Perhaps it was part of it's "secret". The amp was far better than it had any right to be, and far better than you might think from just studying the circuit.
 
Hi Mooly,

Interesting approach! I really don't feel that a soft start is necessary; I'm more concerned about how the additional pn junctions to rail formed by the darl soft start would affect the drive for the VAS; the base of same would be referenced via the darlington to the rail and this would likely bring more non-linearities to the VAS operation.

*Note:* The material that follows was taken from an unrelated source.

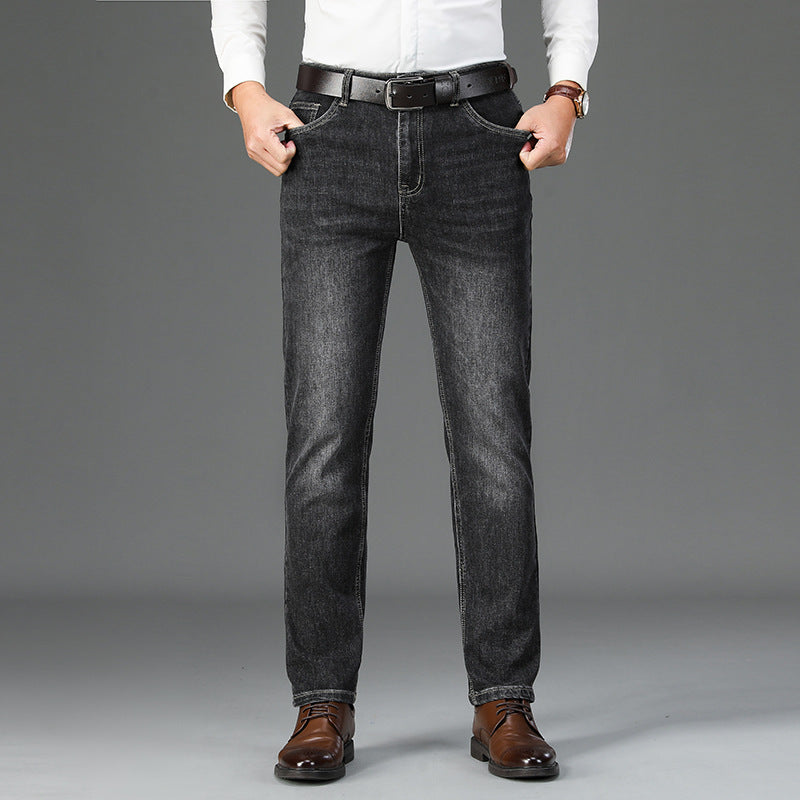 Men's Cotton Loose Straight Business Stretch Versatile Jeans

What he's calling a "soft start" is really an active decoupler (sometimes called a "capacitance multiplier") I've used them for some projects: at the front end of a 120db(v) gain audio stage that was a subsystem of a TRF longwave receiver; as the low current negative rail for a vacuum tube amp. Being that it's basically a DC emitter follower, and represents a very low AC impedance (which is the whole point: isolating the sensitive early stages from the DC rail) it's sonically benign. I question whether it's really necessary to stabilize that design, though.

Neither can I see an advantage to the fb device having darl configuration, as the impedance of the fb network is generally low anyway, dominated by the shunt resistor (680R in your schemat). A cfp maybe, but not a darlington.

It looks like that thing unbalances the LTP -- not good.